• _What is needed_
Using the records below, write out again exactly the lines that begin at the line containing "Building Photo - 13 SW 97th Pl" and end at the line containing "4518-4520 SW 8th CT, Cape Coral, FL 33914", and no other lines.

Stored items from a collection:
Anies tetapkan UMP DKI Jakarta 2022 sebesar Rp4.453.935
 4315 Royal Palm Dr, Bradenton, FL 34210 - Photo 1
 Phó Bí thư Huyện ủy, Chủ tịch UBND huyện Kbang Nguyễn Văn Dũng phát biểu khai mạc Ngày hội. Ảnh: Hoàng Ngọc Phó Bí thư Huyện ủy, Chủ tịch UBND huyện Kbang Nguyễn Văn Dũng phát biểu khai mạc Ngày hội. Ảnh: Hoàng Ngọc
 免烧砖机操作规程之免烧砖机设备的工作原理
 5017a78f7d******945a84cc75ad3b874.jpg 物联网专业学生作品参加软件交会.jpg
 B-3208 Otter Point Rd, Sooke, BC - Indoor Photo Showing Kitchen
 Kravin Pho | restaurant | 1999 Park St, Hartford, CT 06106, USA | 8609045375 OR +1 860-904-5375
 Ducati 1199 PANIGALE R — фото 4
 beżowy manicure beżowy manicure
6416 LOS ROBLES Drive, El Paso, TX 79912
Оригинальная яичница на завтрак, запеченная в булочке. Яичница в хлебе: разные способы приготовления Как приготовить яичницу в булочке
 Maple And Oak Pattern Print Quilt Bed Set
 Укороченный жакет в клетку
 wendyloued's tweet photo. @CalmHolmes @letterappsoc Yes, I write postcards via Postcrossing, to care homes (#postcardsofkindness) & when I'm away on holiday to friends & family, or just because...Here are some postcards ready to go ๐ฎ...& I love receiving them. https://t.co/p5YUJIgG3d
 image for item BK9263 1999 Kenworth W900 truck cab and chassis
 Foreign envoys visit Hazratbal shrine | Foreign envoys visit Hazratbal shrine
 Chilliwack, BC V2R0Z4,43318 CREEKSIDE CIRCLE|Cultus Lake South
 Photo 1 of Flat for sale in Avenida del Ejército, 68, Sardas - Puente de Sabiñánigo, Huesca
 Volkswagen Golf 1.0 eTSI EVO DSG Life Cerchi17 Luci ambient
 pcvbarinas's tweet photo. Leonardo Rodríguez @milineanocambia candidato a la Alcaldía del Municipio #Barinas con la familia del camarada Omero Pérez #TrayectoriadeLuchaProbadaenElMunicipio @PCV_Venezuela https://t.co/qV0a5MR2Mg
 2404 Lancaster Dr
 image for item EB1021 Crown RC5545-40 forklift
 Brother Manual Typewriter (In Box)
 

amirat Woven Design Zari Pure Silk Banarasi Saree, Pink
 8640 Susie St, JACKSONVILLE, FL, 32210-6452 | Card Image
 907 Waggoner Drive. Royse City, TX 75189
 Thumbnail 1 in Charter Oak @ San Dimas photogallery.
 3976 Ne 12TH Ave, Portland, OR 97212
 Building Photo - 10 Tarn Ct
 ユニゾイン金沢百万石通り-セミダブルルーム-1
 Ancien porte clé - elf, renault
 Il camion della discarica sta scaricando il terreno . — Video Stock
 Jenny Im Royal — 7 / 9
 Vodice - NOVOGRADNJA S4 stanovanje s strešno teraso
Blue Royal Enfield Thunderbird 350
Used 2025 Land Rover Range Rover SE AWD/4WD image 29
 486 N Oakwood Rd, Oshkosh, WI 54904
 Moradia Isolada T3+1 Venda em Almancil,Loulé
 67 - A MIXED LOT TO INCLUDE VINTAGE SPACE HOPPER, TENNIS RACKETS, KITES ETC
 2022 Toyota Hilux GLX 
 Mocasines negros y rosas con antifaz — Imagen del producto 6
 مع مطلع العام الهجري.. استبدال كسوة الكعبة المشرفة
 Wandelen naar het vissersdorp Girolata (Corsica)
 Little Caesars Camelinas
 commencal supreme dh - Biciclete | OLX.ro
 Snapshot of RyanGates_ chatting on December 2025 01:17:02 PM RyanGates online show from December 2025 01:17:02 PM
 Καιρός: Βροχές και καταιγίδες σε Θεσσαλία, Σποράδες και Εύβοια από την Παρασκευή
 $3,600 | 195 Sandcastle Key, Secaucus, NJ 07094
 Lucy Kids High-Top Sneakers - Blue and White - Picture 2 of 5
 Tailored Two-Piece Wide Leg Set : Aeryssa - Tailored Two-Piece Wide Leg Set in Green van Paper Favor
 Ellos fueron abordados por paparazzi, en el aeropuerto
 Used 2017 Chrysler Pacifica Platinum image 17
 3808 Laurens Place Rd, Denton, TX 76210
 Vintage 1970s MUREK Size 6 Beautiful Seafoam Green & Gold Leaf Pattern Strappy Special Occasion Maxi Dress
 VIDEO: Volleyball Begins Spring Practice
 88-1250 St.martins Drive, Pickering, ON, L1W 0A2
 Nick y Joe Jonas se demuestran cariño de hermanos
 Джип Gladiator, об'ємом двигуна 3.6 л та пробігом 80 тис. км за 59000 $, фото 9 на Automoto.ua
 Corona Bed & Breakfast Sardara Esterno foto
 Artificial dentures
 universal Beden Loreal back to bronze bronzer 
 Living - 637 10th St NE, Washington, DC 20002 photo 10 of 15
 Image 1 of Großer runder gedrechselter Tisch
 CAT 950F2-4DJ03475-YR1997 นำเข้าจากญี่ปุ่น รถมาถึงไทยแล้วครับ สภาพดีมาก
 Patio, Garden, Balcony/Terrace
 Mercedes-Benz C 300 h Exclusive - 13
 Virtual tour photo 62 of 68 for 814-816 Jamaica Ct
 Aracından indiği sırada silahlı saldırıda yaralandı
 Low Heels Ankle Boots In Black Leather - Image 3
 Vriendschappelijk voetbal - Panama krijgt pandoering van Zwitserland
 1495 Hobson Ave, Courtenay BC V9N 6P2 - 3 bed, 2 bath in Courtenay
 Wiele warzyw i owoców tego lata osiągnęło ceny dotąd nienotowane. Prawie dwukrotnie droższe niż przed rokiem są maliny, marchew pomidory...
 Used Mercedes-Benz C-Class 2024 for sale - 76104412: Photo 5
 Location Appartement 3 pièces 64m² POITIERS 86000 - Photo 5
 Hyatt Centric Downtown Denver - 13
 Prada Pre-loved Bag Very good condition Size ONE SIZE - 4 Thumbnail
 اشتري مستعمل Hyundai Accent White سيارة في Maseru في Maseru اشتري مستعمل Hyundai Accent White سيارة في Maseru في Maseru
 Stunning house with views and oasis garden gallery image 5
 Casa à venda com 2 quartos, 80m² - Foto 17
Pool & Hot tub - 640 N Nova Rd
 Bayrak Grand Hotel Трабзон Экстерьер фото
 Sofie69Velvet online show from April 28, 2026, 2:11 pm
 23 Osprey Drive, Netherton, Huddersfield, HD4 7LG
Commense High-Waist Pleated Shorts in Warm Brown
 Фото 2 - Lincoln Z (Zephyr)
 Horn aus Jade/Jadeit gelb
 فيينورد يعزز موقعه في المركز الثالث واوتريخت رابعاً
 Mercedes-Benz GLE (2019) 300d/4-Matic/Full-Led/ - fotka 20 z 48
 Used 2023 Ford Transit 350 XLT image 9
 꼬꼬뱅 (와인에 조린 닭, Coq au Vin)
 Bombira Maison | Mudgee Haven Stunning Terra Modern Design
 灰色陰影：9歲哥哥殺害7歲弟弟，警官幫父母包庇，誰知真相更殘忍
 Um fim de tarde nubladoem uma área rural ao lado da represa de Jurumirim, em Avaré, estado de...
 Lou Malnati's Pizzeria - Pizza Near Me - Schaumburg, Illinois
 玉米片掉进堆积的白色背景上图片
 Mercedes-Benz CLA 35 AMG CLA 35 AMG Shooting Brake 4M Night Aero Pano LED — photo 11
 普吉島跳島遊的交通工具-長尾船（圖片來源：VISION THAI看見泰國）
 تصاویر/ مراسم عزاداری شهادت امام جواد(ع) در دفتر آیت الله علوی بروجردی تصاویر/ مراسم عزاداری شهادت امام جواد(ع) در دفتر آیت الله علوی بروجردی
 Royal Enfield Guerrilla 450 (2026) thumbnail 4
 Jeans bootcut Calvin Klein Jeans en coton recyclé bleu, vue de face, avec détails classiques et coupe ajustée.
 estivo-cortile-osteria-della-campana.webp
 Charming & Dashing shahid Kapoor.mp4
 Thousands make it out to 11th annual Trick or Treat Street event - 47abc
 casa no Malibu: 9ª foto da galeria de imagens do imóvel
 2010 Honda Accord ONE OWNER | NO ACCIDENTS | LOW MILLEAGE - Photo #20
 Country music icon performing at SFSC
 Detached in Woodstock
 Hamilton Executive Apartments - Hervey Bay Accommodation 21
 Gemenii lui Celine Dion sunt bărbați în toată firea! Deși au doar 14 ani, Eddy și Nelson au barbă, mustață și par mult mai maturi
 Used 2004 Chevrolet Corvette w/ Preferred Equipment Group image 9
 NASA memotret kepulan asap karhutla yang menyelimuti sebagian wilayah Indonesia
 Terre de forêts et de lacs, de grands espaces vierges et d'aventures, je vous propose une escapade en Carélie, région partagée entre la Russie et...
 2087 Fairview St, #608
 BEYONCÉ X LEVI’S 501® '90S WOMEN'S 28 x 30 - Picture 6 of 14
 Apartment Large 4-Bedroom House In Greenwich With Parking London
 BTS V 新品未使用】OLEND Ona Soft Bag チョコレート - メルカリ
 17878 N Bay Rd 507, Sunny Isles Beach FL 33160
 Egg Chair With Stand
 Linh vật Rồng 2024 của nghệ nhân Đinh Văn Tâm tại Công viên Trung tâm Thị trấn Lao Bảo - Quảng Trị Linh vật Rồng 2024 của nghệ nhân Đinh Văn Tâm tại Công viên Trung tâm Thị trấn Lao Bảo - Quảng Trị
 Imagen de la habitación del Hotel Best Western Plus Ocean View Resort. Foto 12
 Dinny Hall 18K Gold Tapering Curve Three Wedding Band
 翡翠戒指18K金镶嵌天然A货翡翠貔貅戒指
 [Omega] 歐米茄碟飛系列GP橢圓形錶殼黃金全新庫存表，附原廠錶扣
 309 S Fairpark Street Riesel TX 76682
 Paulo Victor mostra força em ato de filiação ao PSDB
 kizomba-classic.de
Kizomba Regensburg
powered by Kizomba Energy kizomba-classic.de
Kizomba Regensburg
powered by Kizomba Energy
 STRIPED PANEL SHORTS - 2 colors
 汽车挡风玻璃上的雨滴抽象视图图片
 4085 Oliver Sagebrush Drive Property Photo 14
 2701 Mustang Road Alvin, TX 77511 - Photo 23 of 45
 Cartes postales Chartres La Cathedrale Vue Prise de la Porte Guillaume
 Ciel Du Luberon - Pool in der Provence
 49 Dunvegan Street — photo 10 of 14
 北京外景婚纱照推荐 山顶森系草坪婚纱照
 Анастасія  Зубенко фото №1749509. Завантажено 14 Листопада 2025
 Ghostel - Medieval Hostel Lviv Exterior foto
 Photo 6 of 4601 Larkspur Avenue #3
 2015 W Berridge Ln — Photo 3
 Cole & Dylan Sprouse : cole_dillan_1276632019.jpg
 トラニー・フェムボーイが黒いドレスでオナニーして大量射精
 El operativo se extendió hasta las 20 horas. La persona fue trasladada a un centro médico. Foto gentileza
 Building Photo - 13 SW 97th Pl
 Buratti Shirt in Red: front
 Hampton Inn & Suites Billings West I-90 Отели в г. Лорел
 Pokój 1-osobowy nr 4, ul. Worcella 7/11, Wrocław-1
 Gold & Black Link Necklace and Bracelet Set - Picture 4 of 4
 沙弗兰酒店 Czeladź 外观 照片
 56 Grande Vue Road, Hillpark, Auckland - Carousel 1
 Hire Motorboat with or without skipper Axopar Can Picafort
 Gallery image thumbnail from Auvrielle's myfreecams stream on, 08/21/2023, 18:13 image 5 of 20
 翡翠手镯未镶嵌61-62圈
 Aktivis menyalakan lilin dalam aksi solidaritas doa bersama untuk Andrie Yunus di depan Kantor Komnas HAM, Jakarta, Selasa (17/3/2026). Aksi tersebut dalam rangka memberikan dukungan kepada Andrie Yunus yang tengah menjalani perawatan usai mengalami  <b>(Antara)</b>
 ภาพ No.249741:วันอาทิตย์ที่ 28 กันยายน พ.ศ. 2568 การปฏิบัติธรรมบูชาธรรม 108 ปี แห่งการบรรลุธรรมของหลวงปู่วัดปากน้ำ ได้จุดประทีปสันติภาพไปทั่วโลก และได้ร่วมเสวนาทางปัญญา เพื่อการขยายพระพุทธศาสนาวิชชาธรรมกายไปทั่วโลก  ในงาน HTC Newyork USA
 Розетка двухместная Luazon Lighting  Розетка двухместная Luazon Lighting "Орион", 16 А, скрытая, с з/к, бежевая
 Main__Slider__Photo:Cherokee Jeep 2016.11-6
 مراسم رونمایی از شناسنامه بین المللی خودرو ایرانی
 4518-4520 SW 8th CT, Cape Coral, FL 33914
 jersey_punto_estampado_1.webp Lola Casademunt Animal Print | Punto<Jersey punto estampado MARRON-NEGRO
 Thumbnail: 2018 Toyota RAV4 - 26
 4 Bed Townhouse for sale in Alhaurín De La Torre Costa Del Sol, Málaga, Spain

• _Task response_
 Building Photo - 13 SW 97th Pl
 Buratti Shirt in Red: front
 Hampton Inn & Suites Billings West I-90 Отели в г. Лорел
 Pokój 1-osobowy nr 4, ul. Worcella 7/11, Wrocław-1
 Gold & Black Link Necklace and Bracelet Set - Picture 4 of 4
 沙弗兰酒店 Czeladź 外观 照片
 56 Grande Vue Road, Hillpark, Auckland - Carousel 1
 Hire Motorboat with or without skipper Axopar Can Picafort
 Gallery image thumbnail from Auvrielle's myfreecams stream on, 08/21/2023, 18:13 image 5 of 20
 翡翠手镯未镶嵌61-62圈
 Aktivis menyalakan lilin dalam aksi solidaritas doa bersama untuk Andrie Yunus di depan Kantor Komnas HAM, Jakarta, Selasa (17/3/2026). Aksi tersebut dalam rangka memberikan dukungan kepada Andrie Yunus yang tengah menjalani perawatan usai mengalami  <b>(Antara)</b>
 ภาพ No.249741:วันอาทิตย์ที่ 28 กันยายน พ.ศ. 2568 การปฏิบัติธรรมบูชาธรรม 108 ปี แห่งการบรรลุธรรมของหลวงปู่วัดปากน้ำ ได้จุดประทีปสันติภาพไปทั่วโลก และได้ร่วมเสวนาทางปัญญา เพื่อการขยายพระพุทธศาสนาวิชชาธรรมกายไปทั่วโลก  ในงาน HTC Newyork USA
 Розетка двухместная Luazon Lighting  Розетка двухместная Luazon Lighting "Орион", 16 А, скрытая, с з/к, бежевая
 Main__Slider__Photo:Cherokee Jeep 2016.11-6
 مراسم رونمایی از شناسنامه بین المللی خودرو ایرانی
 4518-4520 SW 8th CT, Cape Coral, FL 33914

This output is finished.